REPUBLIKA.CO.ID, KOTA MEKSIKO – Presiden Meksiko Andres Lopez Obrador membantah kabar yang menyebut negaranya akan bergabung dalam koalisi BRICS. Dia mengatakan lebih memilih untuk memperkuat aliansi dengan negara-negara Amerika Utara dan seluruh Amerika, termasuk Amerika Serikat (AS).
“Kami tidak akan berpartisipasi dalam blok ini (BRICS), dalam asosiasi ini. Tentu saja, kami menyambut baik fakta bahwa negara-negara lain melakukannya. Namun, untuk alasan ekonomi, lingkungan, dan geopolitik, kami akan terus memperkuat aliansi Amerika Utara dan seluruh Amerika," kata Obrador, Selasa (8/8/2023), dilaporkan Anadolu Agency.
"Proposal kami adalah untuk memperkuat perjanjian dengan AS dan Kanada, untuk mengkonsolidasikan diri kami sendiri sebagai sebuah kawasan, untuk memperkuat diri kami sendiri, untuk saling membantu, untuk saling melengkapi, untuk berbagi investasi, untuk berbagi teknologi, sesuatu yang fundamental, angkatan kerja,” tambah Obrador.
Kabar tentang ingin bergabungnya Meksiko menjadi anggota BRICS muncul pada awal Maret lalu. Ketika itu Menteri Luar Negeri Afrika Selatan (Afsel) Naledi Pandor mengungkapkan, sejumlah negara berkembang telah menyatakan minat untuk bergabung dengan BRICS, termasuk Meksiko.
BRICS, yang beranggotakan Brasil, Rusia, India, Cina, dan Afsel, diagendakan menggelar KTT pada 22-24 Agustus mendatang. Salah satu isu yang bakal dibahas dalam KTT adalah tentang gagasan perluasan anggota koalisi tersebut.
Brasil dan Cina sudah secara terbuka mendukung perluasan BRICS. Sementara Rusia enggan terburu-buru menyikapi wacana ekspansi keanggotaan BRICS.
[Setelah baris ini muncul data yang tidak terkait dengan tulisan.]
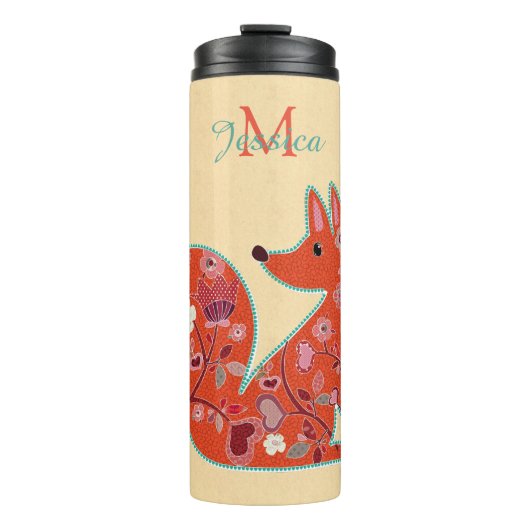 Folk Art Blume Muster Fox Personalisiert Thermosbecher (Vorderseite)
Sekitar 30 negara disebut-sebut telah menunjukkan minat untuk bergabung dengan BRICS. Beberapa negara seperti Bangladesh, Ethiopia, Belarusia, dan Aljazair bahkan sudah mengajukan permohonan keanggotaan. Duta Besar Rusia untuk Mesir Georgy Borizenko juga mengklaim bahwa Kairo sudah resmi mengajukan permohonan keanggotaan BRICS.
BRICS dibentuk pada 2009 atas inisiatif Rusia. Tujuannya adalah mengembangkan kerja sama komprehensif antara negara-negara terkait. Kursi keketuaan BRICS tahun ini dipegang oleh Cina. BRICS kerap dipandang sebagai “kutub perlawanan” terhadap kelompok ekonomi G7 yang beranggotakan Amerika Serikat, Inggris, Kanada, Jerman, Prancis, Italia, dan Jepang.
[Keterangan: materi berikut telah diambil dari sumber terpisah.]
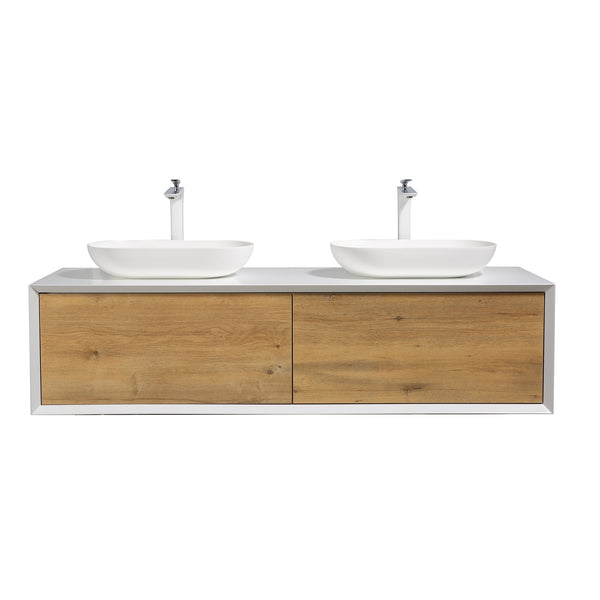 Fiona 63'' Floating Double Vanity with White Vessel Sink and U-Drawer TONA Bathroom Furniture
Menurut data IMF, pada 2022 lalu, total gabungan pendapatan domestik bruto (PDB) BRICS telah mencapai 22,5 triliun dolar AS. Jumlah itu melampaui PDB G7 yang mencapai 21,4 triliun dolar AS. Negara BRICS kini dinilai menjadi aktor penting dan signifikan dalam memerangi pertumbuhan ekonomi serta konteks politik global.